A metallic spherical shell with internal and external diameters 4 cm and 8 cm is recast into a cone of base diameter 8 cm. The height of the cone is
12 cm
14 cm
15 cm
18 cm
Step 1: Write the given data.
Step 2: Find the volume of the spherical shell.
Volume of shell = Volume of outer sphere − Volume of inner sphere.
Outer radius = 4 cm, Inner radius = 2 cm.
So,
\[ V_{shell} = \dfrac{4}{3}\pi \big( R^3 - r^3 \big) = \dfrac{4}{3}\pi (4^3 - 2^3). \]
\(4^3 = 64, \; 2^3 = 8 \).
Therefore, \( V_{shell} = \dfrac{4}{3}\pi (64 - 8) = \dfrac{4}{3}\pi (56) = \dfrac{224}{3}\pi \; \text{cm}^3. \)
Step 3: Volume of the cone formed.
Formula: \( V_{cone} = \dfrac{1}{3} \pi r^2 h \)

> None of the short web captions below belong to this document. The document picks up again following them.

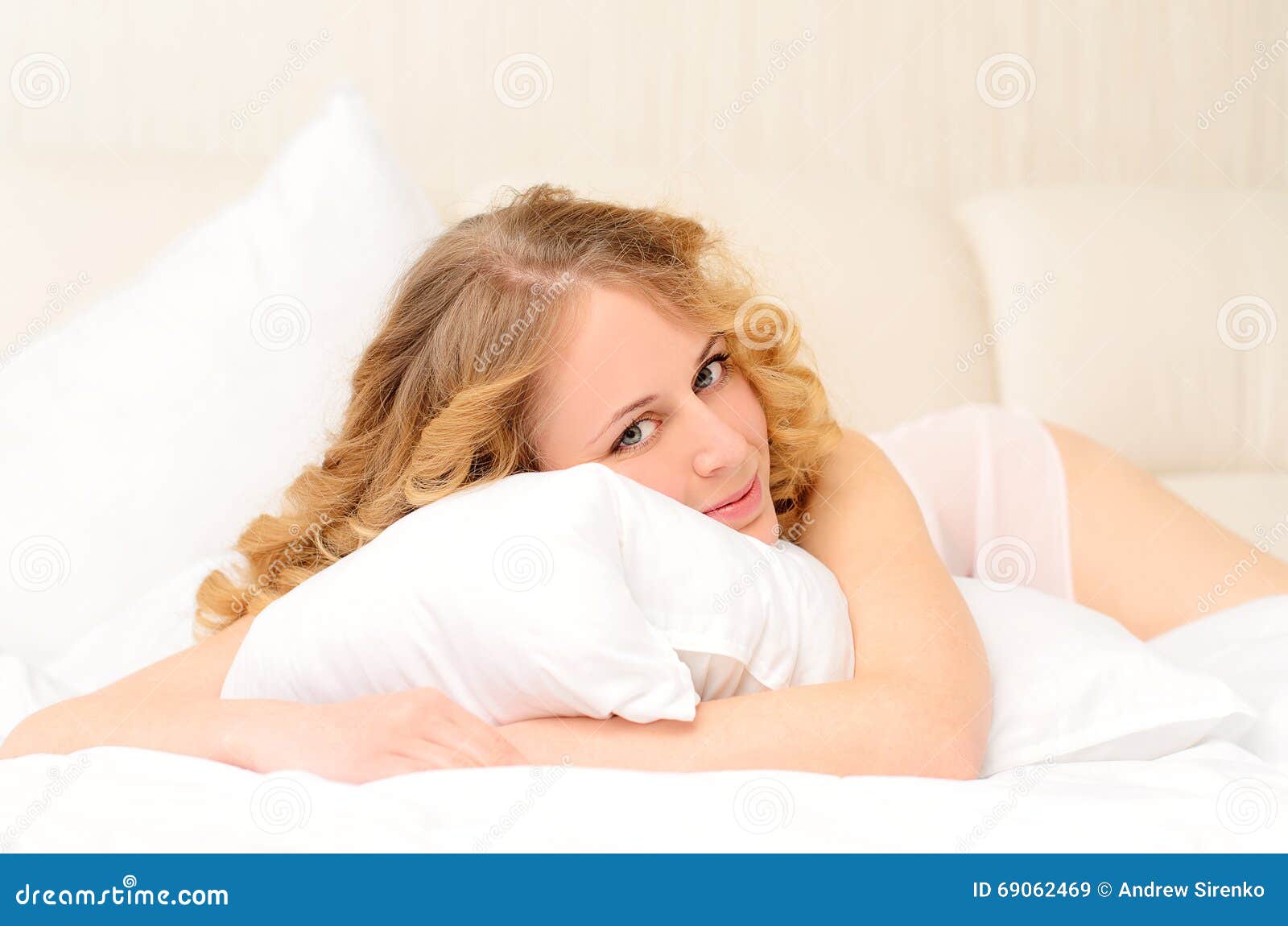 Lying Young Woman Hugging Pillow on Bed Stock Image - Image of arms ...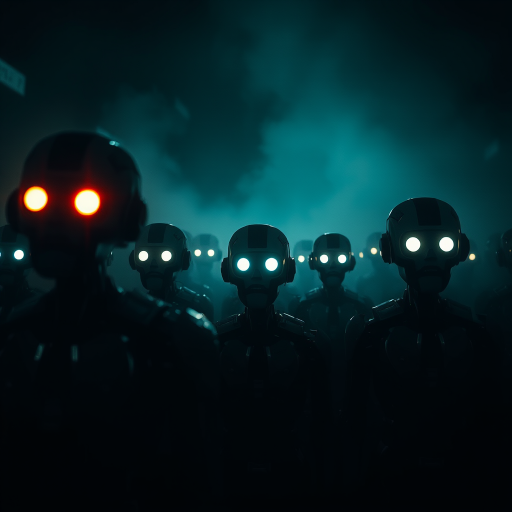 Create a dark, atmospheric image of a crowd of robotic figures with glowing eyes in a misty environment, shot with a Canon EOS R5, 50mm lens, f/1.8 aperture, ISO 200, 1/60 sec exposure, low-angle view, utilizing dramatic lighting for enhanced contrast.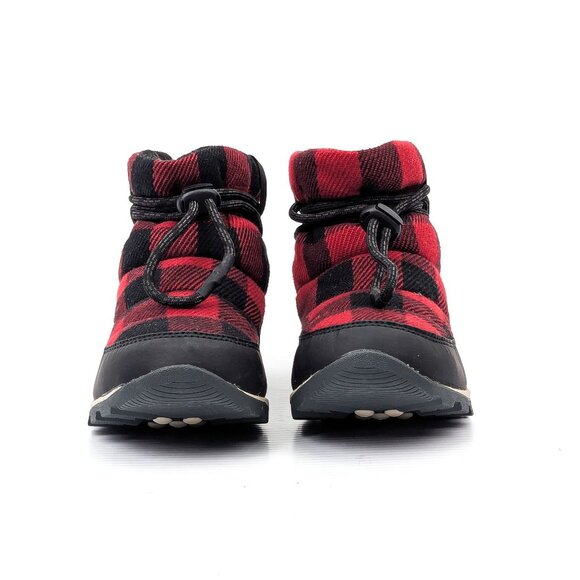 Sorel Women Whitney Short Lace up Snow Red Plaid Fabric Ankle Boots sz 9 - Picture 2 of 7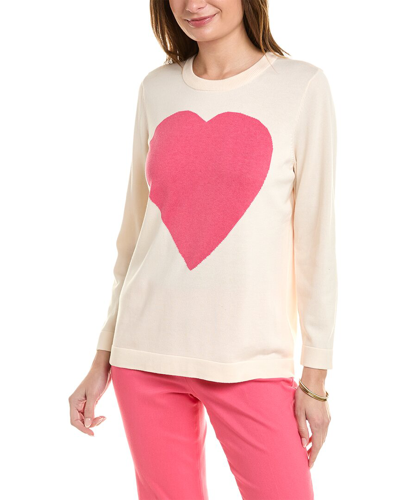 Shop Jones New York Heart Sweater In White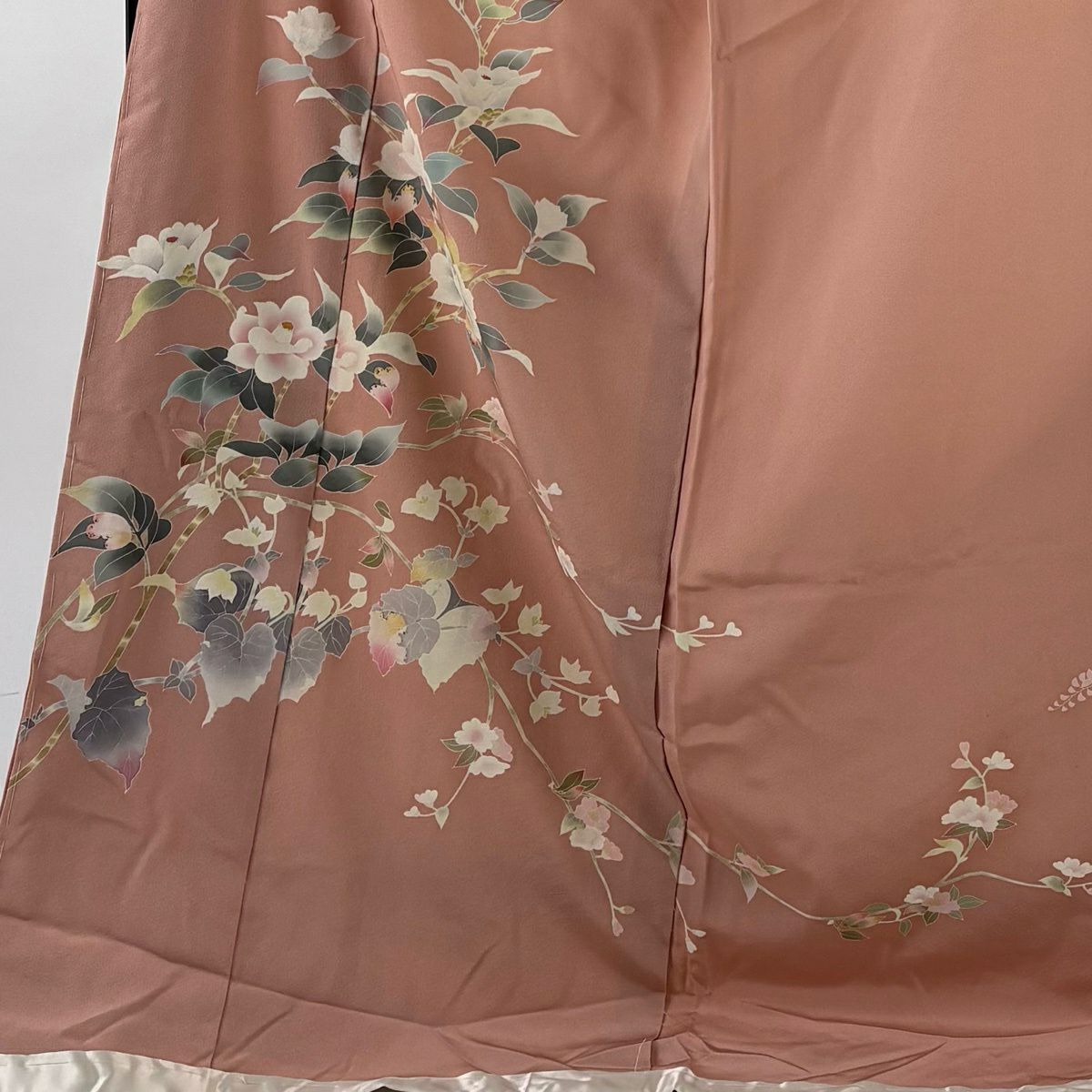 訪問服 身長178.5cm 袖長70cm 未仕立 雜絵羽 百貫石峰 落款あり 椿 櫻花 粉紅 純蠶絲 秀品級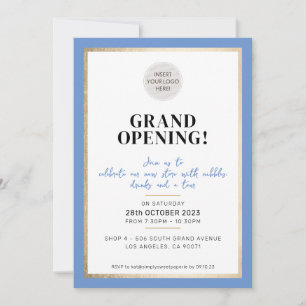 Invitation GRAND OUVERTURE moderne logo minimal bleu cornflow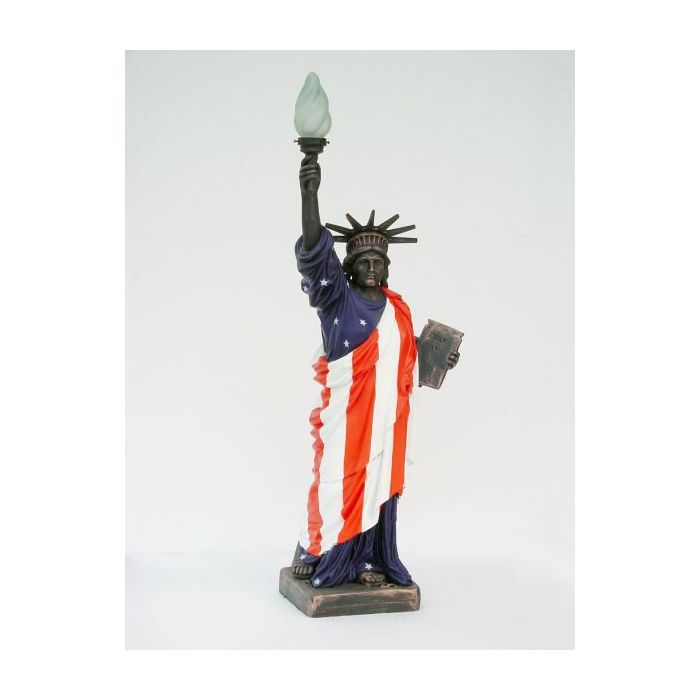 Freiheitsstatue mit Lampe American Flag klein verkleinert Beleuchtung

Here, \(r = 4\,\text{cm}, h = ?\)
So, \( V_{cone} = \dfrac{1}{3} \pi (4^2) h = \dfrac{1}{3} \pi (16) h = \dfrac{16}{3}\pi h \).
Step 4: Equating the volumes.
Since the shell is melted to form the cone:
\( V_{shell} = V_{cone} \)
\( \dfrac{224}{3}\pi = \dfrac{16}{3}\pi h \)
Step 5: Simplify and solve for \(h\).
Cancel \( \dfrac{\pi}{3} \) on both sides:
\(224 = 16h \)
\( h = \dfrac{224}{16} = 14 \)
Final Answer: Height of the cone = 14 cm.